I am not sure what exactly this is supposed to be a problem for.
If you take the address of a stack slot and pass that address to an unknown function, of course that function could do all sorts of hilarious things, including
memcpy or casting it to an integer, so you have to consider the address leaked – you have to do that anyway because the function could also put the address into a global variable. All of the analysis about which optimizations you can do that I did above was under the assumption that we see and know all the code where the stack slot and its address are used, so you can know that no conversion to integer is going on, by whatever means.
Yes, that is a problem. And fundamentally, I do not see a way to avoid it – casting (and maybe comparing) to an integer has big significance, because once it happens, the compiler no longer has any wiggle-room arguing about where the pointer may have escaped. These operations show that pointers literally are integers, and there is no such thing as a “secret integer that nobody knows about”.
I don’t follow. What “is okay”? Which operation would not “be okay”? /me is confused
To answer your question, “concretization” happens when a ptr-int-cast is executed. (In principle, it could be delayed, to make ptr-int-ptr-casts truly NOPs. Miri currently handles ptr-int-ptr casts without ever concretizing. But when the integer should be e.g. printed, there just is no alternative, we have to cough up an actual integer value.) Dead code never matters.
Miri, even with intptrcast in any of the variants I have mentioned, is fully “pointers are just memory locations”. There is no data being kept around about how the value was computed, only the result of the computation matters. I should clarify that I do not equate “memory location” and “integer” – in Miri, for example, a “memory location” is a pair of an allocation ID and an offset. You can cast arbitrary integer literals to pointers, but they will never, ever point to valid storage – essentially, the two namespaces of abstract and integer locations are disjoint. In intptrcast, the “integer namespace” of locations is populated on-demand, equating some range of integers with some abstract memory locations. However, not all integers correspond to an abstract memory location, and there can still be abstract memory locations that do not correspond to integers.
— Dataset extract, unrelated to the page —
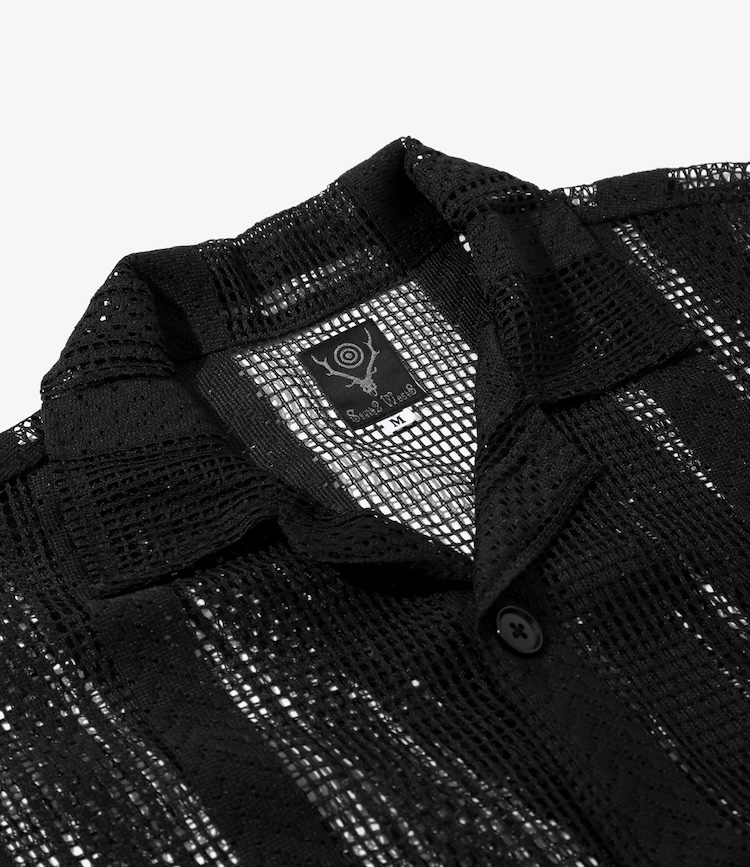 South2 West8 - SX674 Cabana Shirt - Poly Lace Jq.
(Well, in principle one could go full-integer-only. But that would mean there is no such thing as a private memory location, breaking local reasoning about state and many, many optimizations.)
Right, so this is what miri currently implements – address arithmetic can never, ever move you from one allocation to another. We’d have to revisit this when intptrcast is implemented.
Absolutely, this is the kind of discussion I was hoping we could have, and it far exceeds all expectations . <3
Funny enough, much of the discussion here is not even about the topic of the thread (Types as Contracts), but about lower-level issues concerning pointer representation and casts to integers. But given that I am suggesting to take a formal take on the higher levels, it seems like a prerequisite to also have a formal idea of the lower levels – we can’t build on sand, after all.
It’s certainly related. The difference is that in this example, we know how both values are computed (they are both freshly allocated), whereas in your example, there was an old value flowing in and a new fresh value. The former provides more information and thus should be easier to handle/optimize.
Now you are surprising me again. Didn’t you write further above, in the same post, that pointer equality not being stable was “at least as surprising as a (tame) provenance model”?